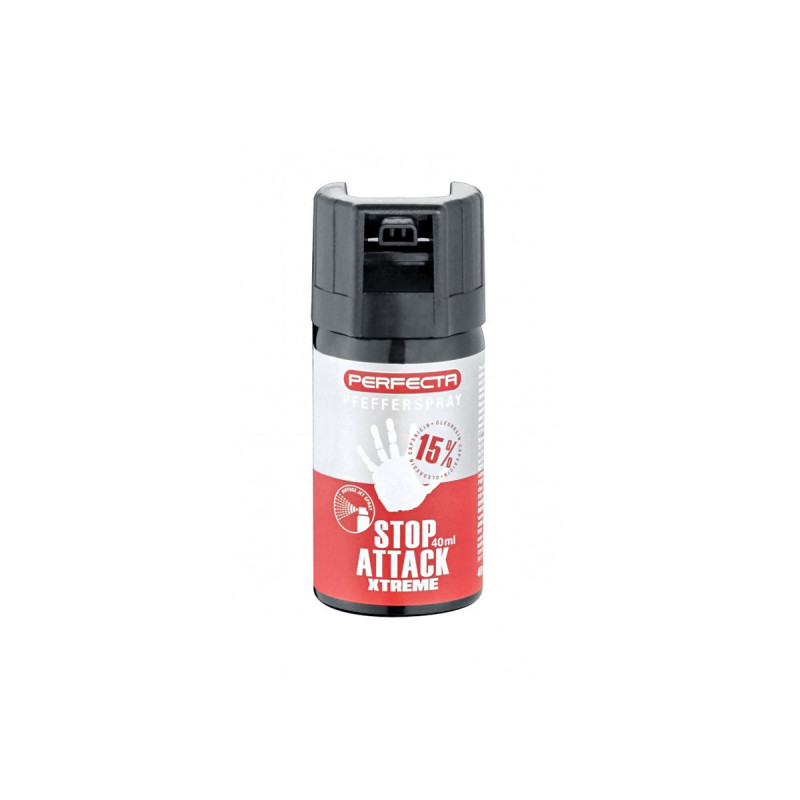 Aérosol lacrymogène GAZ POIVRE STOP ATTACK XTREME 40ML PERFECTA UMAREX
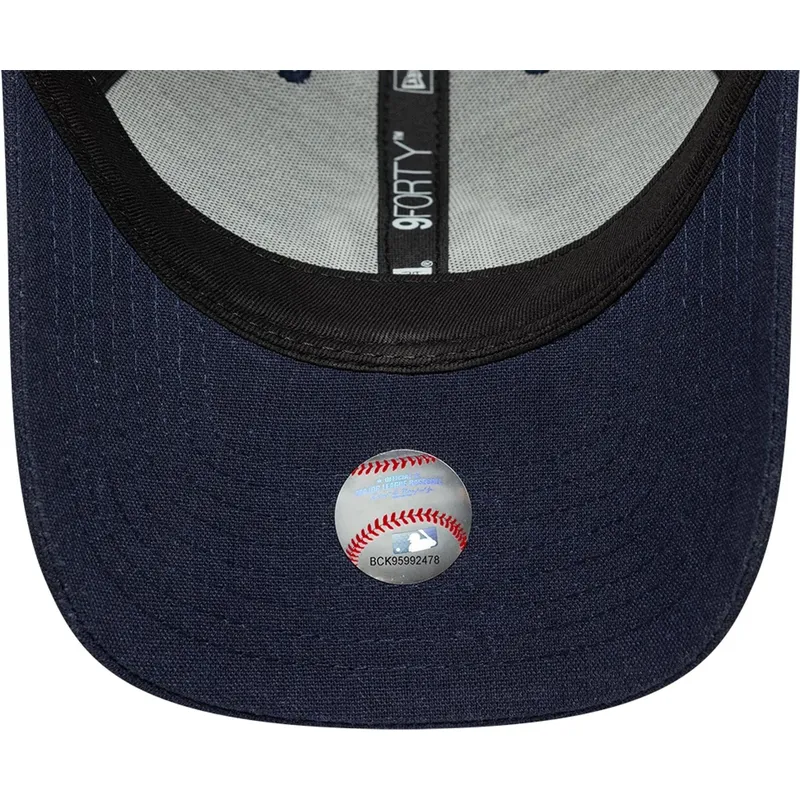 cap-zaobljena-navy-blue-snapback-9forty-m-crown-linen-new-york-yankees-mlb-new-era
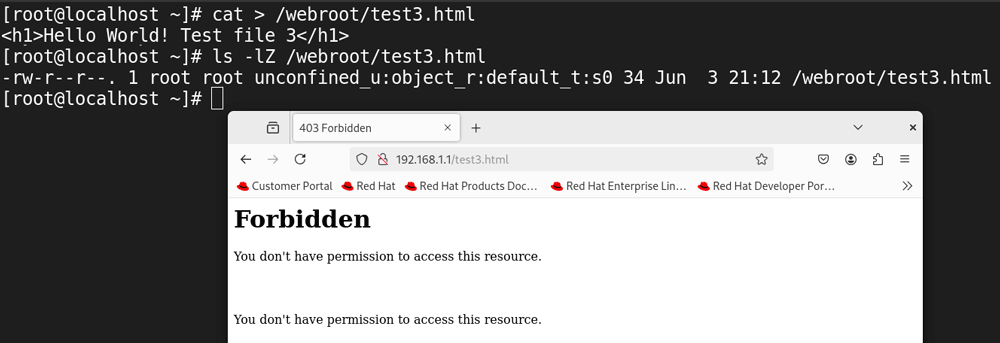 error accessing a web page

* * *

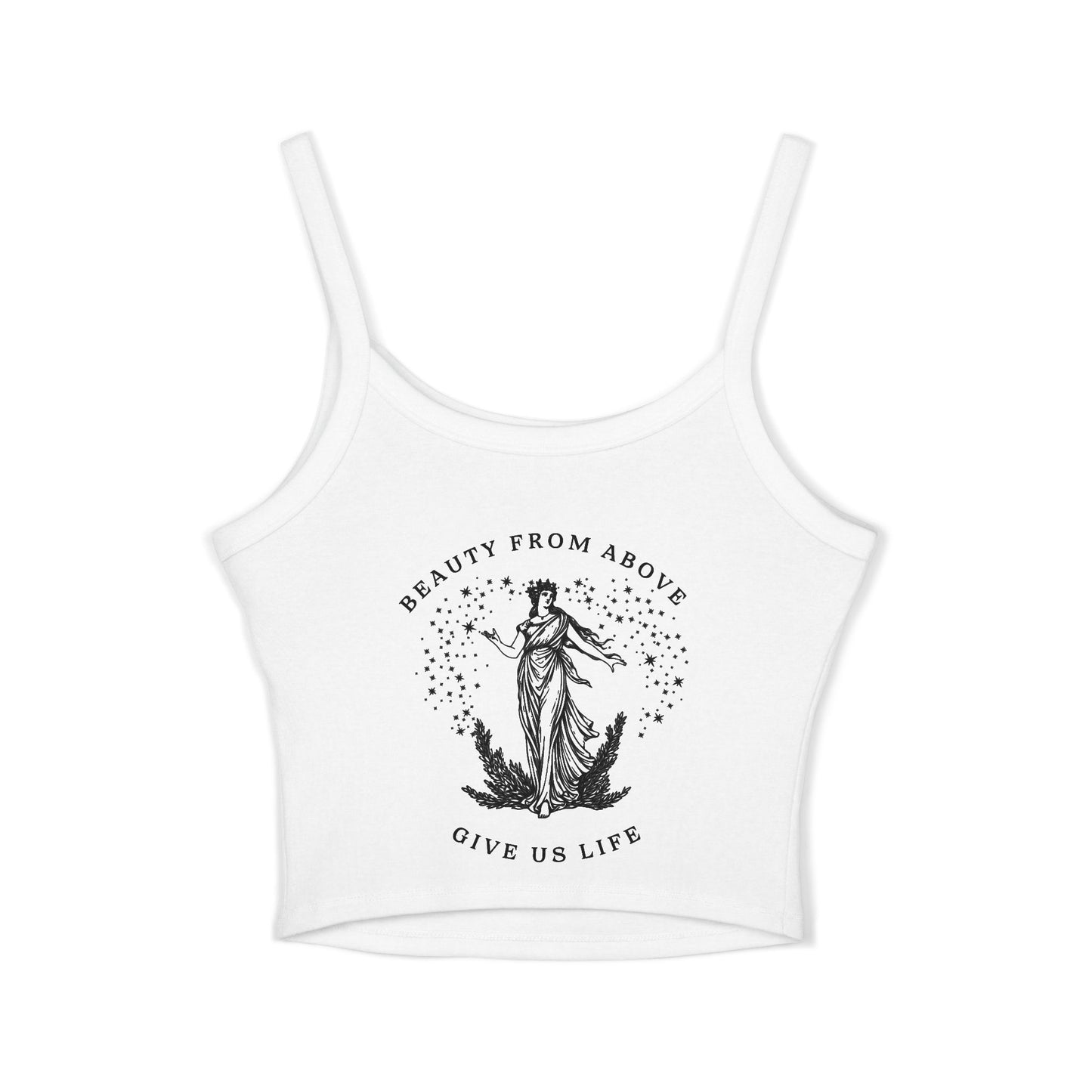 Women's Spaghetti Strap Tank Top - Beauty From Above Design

...

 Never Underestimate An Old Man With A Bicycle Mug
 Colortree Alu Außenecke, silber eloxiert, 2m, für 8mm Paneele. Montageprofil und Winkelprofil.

* About this exercise
Set the pictures aside and transcribe exactly the stretch of lines above, beginning with the one holding "Aérosol lacrymogène GAZ" and ending with the one holding "error accessing a web page".

* Solution to this problem
 Aérosol lacrymogène GAZ POIVRE STOP ATTACK XTREME 40ML PERFECTA UMAREX
 cap-zaobljena-navy-blue-snapback-9forty-m-crown-linen-new-york-yankees-mlb-new-era
 error accessing a web page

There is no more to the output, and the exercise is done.